WARNING: No swap limit support
# docker version
Client:
 Version:           18.06.1-ce
 API version:       1.38
 Go version:        go1.10.3
 Git commit:        e68fc7a
 Built:             Tue Aug 21 17:24:56 2018
 OS/Arch:           linux/amd64
 Experimental:      false

Server:
 Engine:
  Version:          18.06.1-ce
  API version:      1.38 (minimum version 1.12)
  Go version:       go1.10.3
  Git commit:       e68fc7a
  Built:            Tue Aug 21 17:23:21 2018
  OS/Arch:          linux/amd64
  Experimental:     false

One reason can be corrupt json-log files.

Use find /var/lib/docker/containers/ -name *-json.log -exec bash -c 'jq '.' {} > /dev/null 2>&1 || echo "file corrupt: {}"' \; to identify if all fines are still json compliant. Delete all corrupt files.

Wow good call that seems to have fixed it! Thank you so much for the help. Can you explain how that command finds corrupted log files?

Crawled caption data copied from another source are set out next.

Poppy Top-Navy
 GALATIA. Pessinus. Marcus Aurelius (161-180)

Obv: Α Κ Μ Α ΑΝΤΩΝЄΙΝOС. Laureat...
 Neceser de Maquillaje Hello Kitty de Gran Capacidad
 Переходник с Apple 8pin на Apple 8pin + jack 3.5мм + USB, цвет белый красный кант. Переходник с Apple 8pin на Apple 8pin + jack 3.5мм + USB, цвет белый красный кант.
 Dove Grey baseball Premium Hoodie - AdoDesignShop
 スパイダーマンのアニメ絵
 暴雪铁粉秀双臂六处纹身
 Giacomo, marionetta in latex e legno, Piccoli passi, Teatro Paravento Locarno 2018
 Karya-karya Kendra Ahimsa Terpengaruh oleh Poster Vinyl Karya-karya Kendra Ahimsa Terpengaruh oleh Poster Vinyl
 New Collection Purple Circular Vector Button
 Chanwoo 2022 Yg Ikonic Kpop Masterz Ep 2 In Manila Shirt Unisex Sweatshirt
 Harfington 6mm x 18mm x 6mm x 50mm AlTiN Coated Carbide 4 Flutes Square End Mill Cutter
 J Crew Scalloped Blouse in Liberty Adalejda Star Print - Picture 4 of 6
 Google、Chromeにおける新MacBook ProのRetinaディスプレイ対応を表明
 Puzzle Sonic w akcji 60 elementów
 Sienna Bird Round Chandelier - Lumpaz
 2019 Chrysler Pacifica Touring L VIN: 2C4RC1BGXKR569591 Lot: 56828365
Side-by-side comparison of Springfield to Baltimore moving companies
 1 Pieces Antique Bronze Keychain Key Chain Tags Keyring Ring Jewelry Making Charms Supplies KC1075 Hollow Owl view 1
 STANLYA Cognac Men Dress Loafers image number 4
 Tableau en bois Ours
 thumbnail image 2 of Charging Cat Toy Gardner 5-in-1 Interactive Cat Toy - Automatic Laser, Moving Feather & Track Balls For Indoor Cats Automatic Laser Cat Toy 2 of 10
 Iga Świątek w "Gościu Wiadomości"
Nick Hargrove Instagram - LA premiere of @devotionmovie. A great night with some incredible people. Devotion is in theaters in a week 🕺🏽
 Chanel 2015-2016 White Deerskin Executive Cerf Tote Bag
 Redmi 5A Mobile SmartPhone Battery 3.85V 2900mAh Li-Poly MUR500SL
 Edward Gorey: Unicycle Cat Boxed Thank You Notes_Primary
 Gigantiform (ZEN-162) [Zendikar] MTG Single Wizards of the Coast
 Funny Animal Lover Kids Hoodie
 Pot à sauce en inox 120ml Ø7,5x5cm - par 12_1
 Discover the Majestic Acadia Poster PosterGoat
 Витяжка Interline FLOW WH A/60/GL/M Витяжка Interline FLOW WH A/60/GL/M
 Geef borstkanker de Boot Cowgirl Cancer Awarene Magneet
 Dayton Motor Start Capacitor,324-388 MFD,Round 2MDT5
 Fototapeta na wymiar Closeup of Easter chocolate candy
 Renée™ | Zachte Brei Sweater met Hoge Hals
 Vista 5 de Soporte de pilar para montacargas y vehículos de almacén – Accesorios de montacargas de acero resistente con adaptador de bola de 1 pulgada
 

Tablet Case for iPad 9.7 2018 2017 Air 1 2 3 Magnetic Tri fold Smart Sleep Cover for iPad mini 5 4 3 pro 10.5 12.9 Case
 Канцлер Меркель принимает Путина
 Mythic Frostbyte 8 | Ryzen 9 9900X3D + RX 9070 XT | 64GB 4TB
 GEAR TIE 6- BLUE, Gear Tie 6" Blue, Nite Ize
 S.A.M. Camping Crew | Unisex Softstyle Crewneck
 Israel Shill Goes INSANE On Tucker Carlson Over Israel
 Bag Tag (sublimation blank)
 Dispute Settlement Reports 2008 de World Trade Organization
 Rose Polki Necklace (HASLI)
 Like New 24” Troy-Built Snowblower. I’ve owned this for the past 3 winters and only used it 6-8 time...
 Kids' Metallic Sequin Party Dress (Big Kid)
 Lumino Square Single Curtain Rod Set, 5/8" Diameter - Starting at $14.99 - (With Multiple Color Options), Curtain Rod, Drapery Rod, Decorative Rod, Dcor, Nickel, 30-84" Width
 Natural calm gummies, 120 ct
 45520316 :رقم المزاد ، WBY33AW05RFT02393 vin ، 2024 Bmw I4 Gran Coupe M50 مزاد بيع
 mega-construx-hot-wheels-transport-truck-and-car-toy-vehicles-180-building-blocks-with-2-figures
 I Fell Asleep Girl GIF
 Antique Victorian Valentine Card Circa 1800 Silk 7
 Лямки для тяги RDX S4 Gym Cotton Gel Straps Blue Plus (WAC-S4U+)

And why they may have been corrupted in the first place? I need to learn more about this. Thanks

I try my best :slight_smile:

The find command searches for all files that end with -json.log in /var/lib/docker/containers and sends them to jq to parse them, though the parsed ouput is redirected to /dev/null to not pollute the screen. The || is a boolen OR that makes use of the return code of jq: if it’s 0, parsing succeeded. if its >0 parsing failed and the output "file corupt: ${filename} gets printed. The {} characters are special characters in find -exec that get replaced by the actual filename.

Does that make sense?

We had it in the past when the filesytem was full and the logs got stuck mid-writing of log entries.

Yes that makes perfect sense. Thank you for the explanation. Cheers

This post saved my bacon, ty <3

We have been running into this issue as well; in particular this is only happening on the servers that are running a single Nginx container that are serving as the load balancers for our services. I’ve straced the docker daemon process, and while its in high cpu, the process seems be spinning while waiting for some kind of lock:

futex(0x2570a30, FUTEX_WAIT, 0, NULL) = 0
I am wondering if it might be related to Docker’s logging system as these load balancers are receiving a lot of traffice and producing a log of logs.